======== Data listing ========

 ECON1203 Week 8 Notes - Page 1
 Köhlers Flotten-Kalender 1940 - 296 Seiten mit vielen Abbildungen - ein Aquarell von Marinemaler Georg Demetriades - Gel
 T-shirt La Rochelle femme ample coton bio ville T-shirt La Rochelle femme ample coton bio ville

========
======== Data listing ========

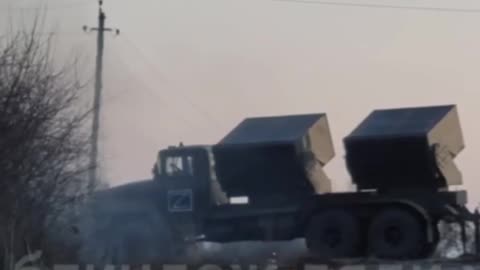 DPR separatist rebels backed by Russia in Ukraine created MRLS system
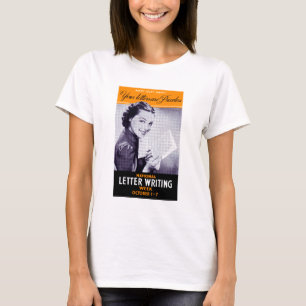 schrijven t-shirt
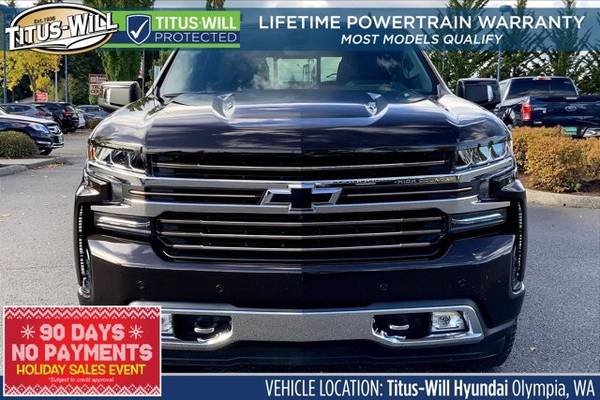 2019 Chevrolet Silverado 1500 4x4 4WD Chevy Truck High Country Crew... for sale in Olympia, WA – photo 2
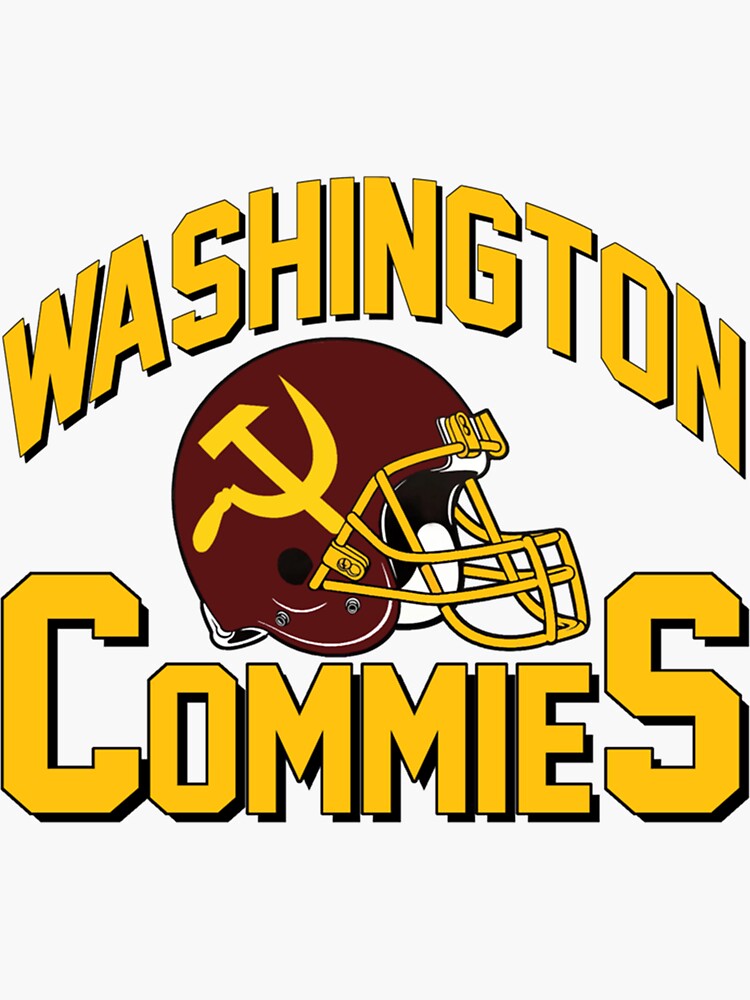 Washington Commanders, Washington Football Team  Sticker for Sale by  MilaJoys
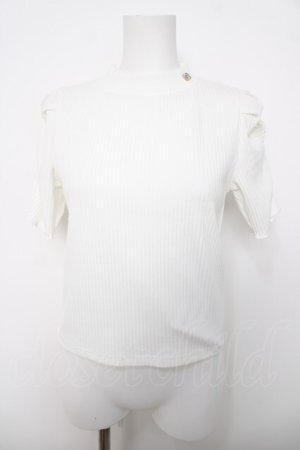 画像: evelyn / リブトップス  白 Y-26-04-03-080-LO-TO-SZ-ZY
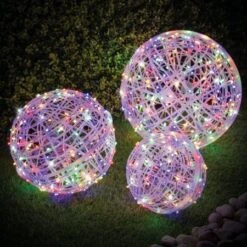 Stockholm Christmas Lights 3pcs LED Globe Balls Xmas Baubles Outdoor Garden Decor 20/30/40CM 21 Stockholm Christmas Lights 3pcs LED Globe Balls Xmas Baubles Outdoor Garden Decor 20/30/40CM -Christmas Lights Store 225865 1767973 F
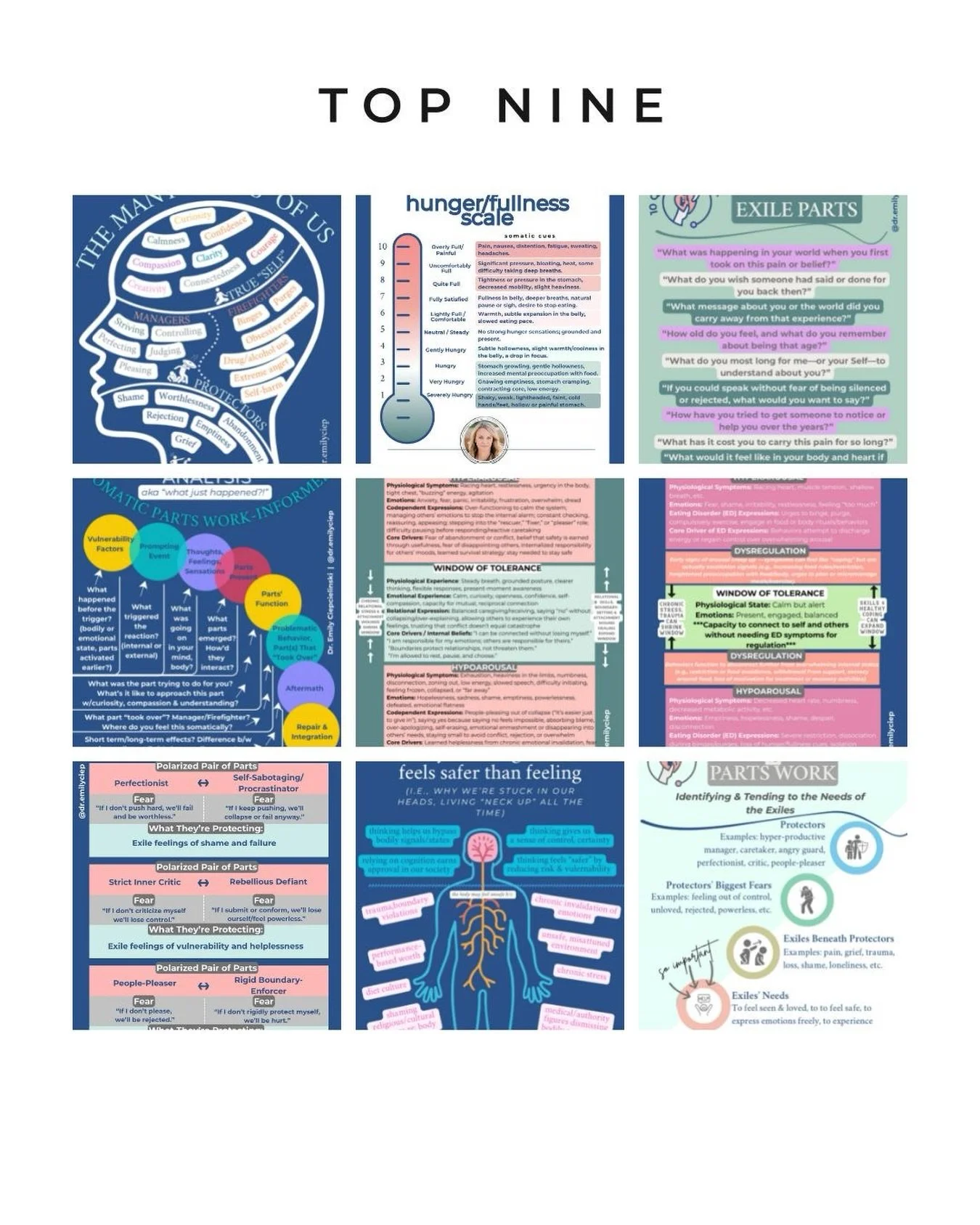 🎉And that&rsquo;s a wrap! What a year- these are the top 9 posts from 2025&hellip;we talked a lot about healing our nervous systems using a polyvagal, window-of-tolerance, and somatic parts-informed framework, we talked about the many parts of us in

========
======== Data listing ========

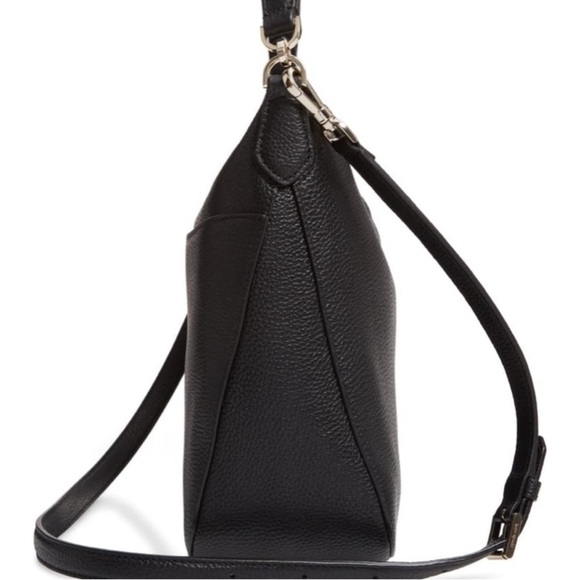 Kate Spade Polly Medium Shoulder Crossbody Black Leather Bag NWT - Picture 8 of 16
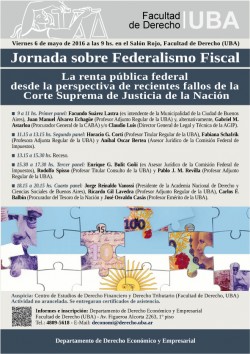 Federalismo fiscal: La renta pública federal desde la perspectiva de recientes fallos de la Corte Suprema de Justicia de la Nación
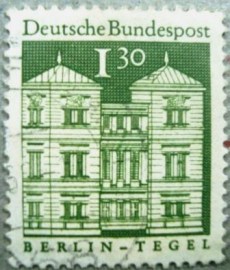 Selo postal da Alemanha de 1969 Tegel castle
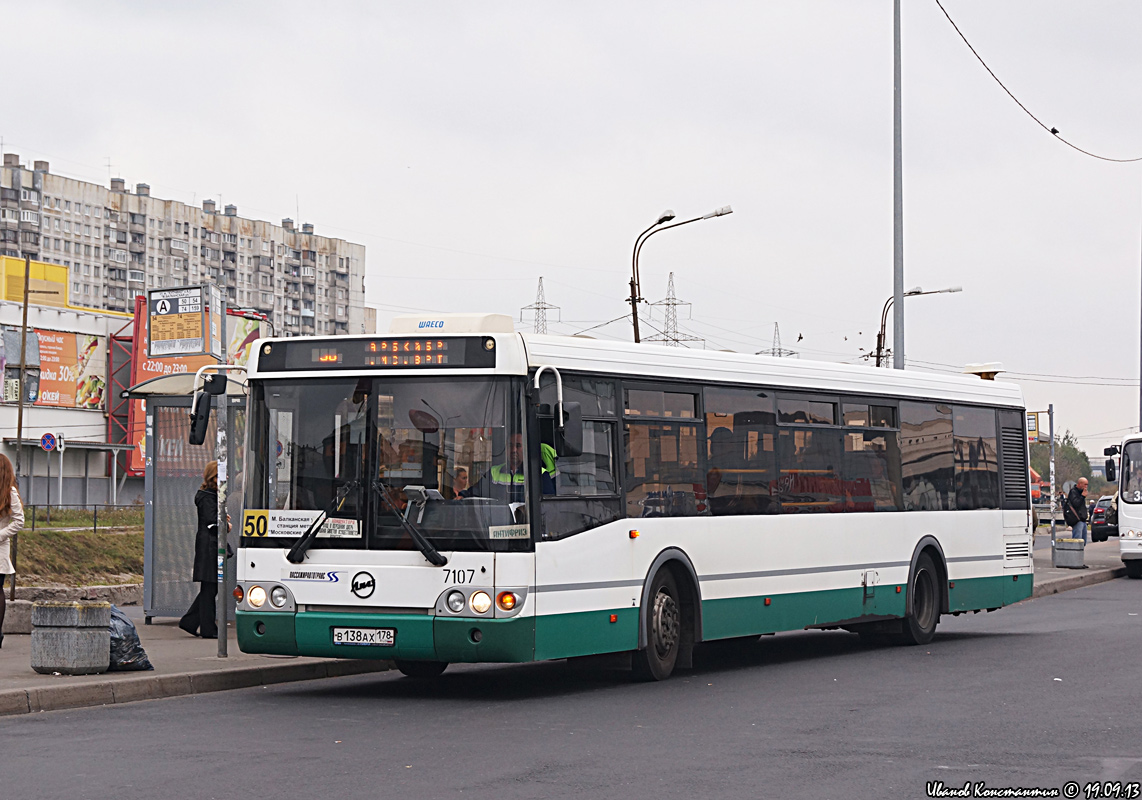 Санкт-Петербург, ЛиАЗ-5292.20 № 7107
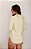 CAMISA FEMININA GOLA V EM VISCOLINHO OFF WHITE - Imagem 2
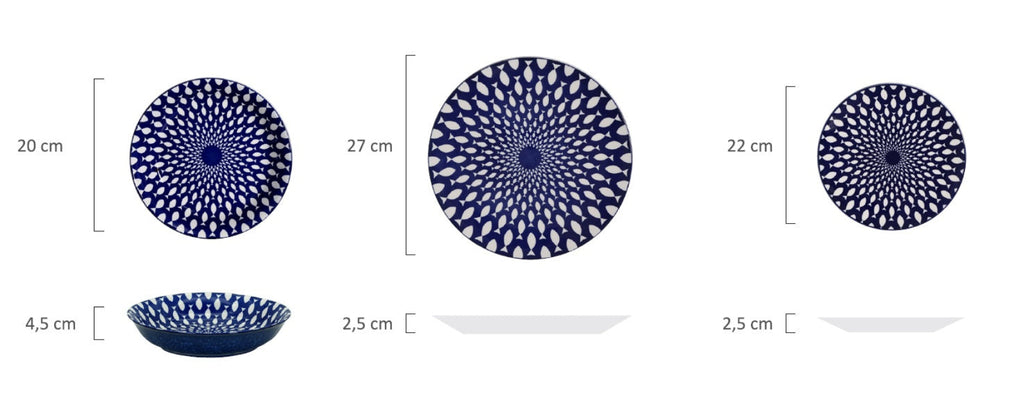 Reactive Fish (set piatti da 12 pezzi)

========

▸ Required work: Return, unchanged, the run of lines above that opens with the line containing "ECON1203 Week 8 Notes - Page 1" and closes with the line containing "T-shirt La Rochelle femme ample coton bio ville T-shirt". Include both.

▸ Output of the exercise:
 ECON1203 Week 8 Notes - Page 1
 Köhlers Flotten-Kalender 1940 - 296 Seiten mit vielen Abbildungen - ein Aquarell von Marinemaler Georg Demetriades - Gel
 T-shirt La Rochelle femme ample coton bio ville T-shirt La Rochelle femme ample coton bio ville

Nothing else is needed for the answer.